2 minute read
Ice Biking
Brad Lindenberg, a Sister Bay ice fisherman, once shared an inspiring take on what can seem like a desolate winter life here. He called the snowcovered bay the “white sand beach.”
“All these people spend millions on their waterfront homes and pay thousands in property taxes, and in the winter we get it all for free,” he told me as we talked about the joy he gets from ice fishing.
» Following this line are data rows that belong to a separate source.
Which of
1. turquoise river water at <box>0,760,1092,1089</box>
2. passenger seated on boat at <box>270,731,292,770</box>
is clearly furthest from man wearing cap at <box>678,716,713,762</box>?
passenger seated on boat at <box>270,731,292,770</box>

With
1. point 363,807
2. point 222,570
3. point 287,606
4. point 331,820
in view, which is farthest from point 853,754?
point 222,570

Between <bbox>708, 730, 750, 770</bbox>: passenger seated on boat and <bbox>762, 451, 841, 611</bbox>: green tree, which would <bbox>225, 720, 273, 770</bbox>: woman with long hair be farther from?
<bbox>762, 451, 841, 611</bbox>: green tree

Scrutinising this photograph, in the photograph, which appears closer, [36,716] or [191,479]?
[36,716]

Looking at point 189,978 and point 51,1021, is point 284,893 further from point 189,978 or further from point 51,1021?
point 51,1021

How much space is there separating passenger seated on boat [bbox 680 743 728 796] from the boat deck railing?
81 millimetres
He didn’t turn me into an ice fisherman, but 15 years later, I’ve come to understand what he meant. Enough Christmases have gone by for me to accumulate the gear necessary to enjoy the iced-over peninsula of January and February. Several years ago, I received a fat bike, which changed my understanding of what constitutes “riding weather.”
A couple winters ago, at the suggestion of Brian Fitzgerald, I swapped out my tires for some studded treads from Nor Door Sport and Cyclery, opening the door to a new adventure: ice biking.
It looks cold. A little dangerous. Maybe stupid.
Chris Miller, Eric Scheller, Deb Neuville and Myles Dannhausen Jr. warm up their legs for the trek across the ice from Anderson Dock to Eagle Bluff. Photo by Amy Sacka.
People expect to see you unloading your bike at a trailhead during the summer and fall, and since fat bikes hit the scene a few years ago, we’ve grown accustomed to seeing people ride in the snow.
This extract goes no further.